My ways are not your ways

In 2 Timothy 3:16–17, St Paul tells us that, “All scripture, inspired of God, is profitable to teach, to reprove, to correct, to instruct in justice: That the man of God may be perfect, furnished to every good work.” What does it mean to say that Scripture is inspired? The First Vatican Council is very clear about two things it does not mean. It does not mean that Scripture is approved by the Church. The Church recognises Scripture because it is inspired; not the other way around. It also does not mean that it merely contains Revelation without error. It does indeed contain Revelation without error, but that in itself would not suffice to say that Scripture is inspired. It is inspired because God wrote it. God is the principle author of Scripture. He used the human author as His instrument, an instrument He created and fostered for this very purpose and then, as the perfect artist, caused His instrument (making full use of all the particularity of that instrument which He put there for that purpose) to commit to writing everything He wished to write and nothing else. (Dei Verbum, §11)

This is why all Scripture is profitable or useful (ὠφέλιμος); because God wrote it. He knows every occasion on which and every person by whom it will be read or to whom it will be read, and so He is able to address each of them and ensure that every one of them is profited by it. I, or more likely St Thomas Aquinas or St Augustine, might conceivably be able to compile a book containing Revelation without error, but to write something always profitable is quite beyond me or any creature. Surely though, as St Peter observes, there are in Scripture “certain things hard to be understood, which the unlearned and unstable wrest … to their own destruction” (2 Pt 3:16). How then can all Scripture be profitable? We must distinguish between hearing and overhearing God’s word. Our Lord said “”If any one thirst, let him come to me and drink. He who believes in me, as the scripture has said, ‘Out of his heart shall flow rivers of living water’” (Jn 7:38). But what of those who come to Him not because they are thirsty but out of hostility or for earthly gain? What of those who seek to justify themselves, or to add to our take away from the word of life? The word of God is a double edged sword and it shows forth the secret thoughts of the heart. “You search the scriptures, because you think that in them you have eternal life; and it is they that bear witness to me; yet you refuse to come to me that you may have life.” (John 5:39–40)

How are we to avoid merely overhearing God’s word? It is simple. The Scriptures are a treasure entrusted to His Church, from which we may draw continually in private reflection but we are also commanded by God and His Church to attend the liturgy every Sunday. We are invited to do so every day and, if we are bound by religious vows, we are commanded to do so every day. The reading of God’s word in the Divine Office and in the Holy Mass is prescribed by the law of the Church enacted by the successors of the Apostles to whom it was entrusted (2 Tm 2:2). The monk, living and breathing the Psalms and bound to the Matins readings and many many hours of lectio divina every week, is immersed in the Scriptures. And as he imitates the angels, so should the faithful imitate him. God Himself has invited or commanded us to be present and listen to His word and when He speaks directly from His human lips we stand to attention to hear the words of our King. “The Church has always venerated the divine Scriptures just as she venerates the body of the Lord” (Dei Verbum, §21), but we do not genuflect to the text of Scripture; rather we receive the word proclaimed as the voice of God.

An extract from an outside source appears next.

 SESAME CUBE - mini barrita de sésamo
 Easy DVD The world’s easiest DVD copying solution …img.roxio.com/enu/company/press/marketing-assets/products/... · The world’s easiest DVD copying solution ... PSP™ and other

But how can Scripture always be profitable when its contents are so scandalous? Are its pages not filled with polygamy and genocide and incest and brutality? True we need not suppose the Lord approved of all the deeds of Lot and his daughters, or the more alarming activities of the sons of Jacob, but the extermination of the Canaanites is commanded by God (Deut 20:16–17; 1 Sam 15:2–3), slavery is allowed for by the law of Sinai (e.g. Ex 12:44; 21:2ff; 21:20–32; Deut 21:10–14), that same law demands the execution of those who pick up sticks on the Sabbath (Num 15:32-36) and that, if the daughters of priests engage in prostitution, they are to be burned alive (Lev 21:9). Is this not reminiscent of ISIS or the mobs now demanding the genocide of the Israelis with their cries of “from the river to the sea”?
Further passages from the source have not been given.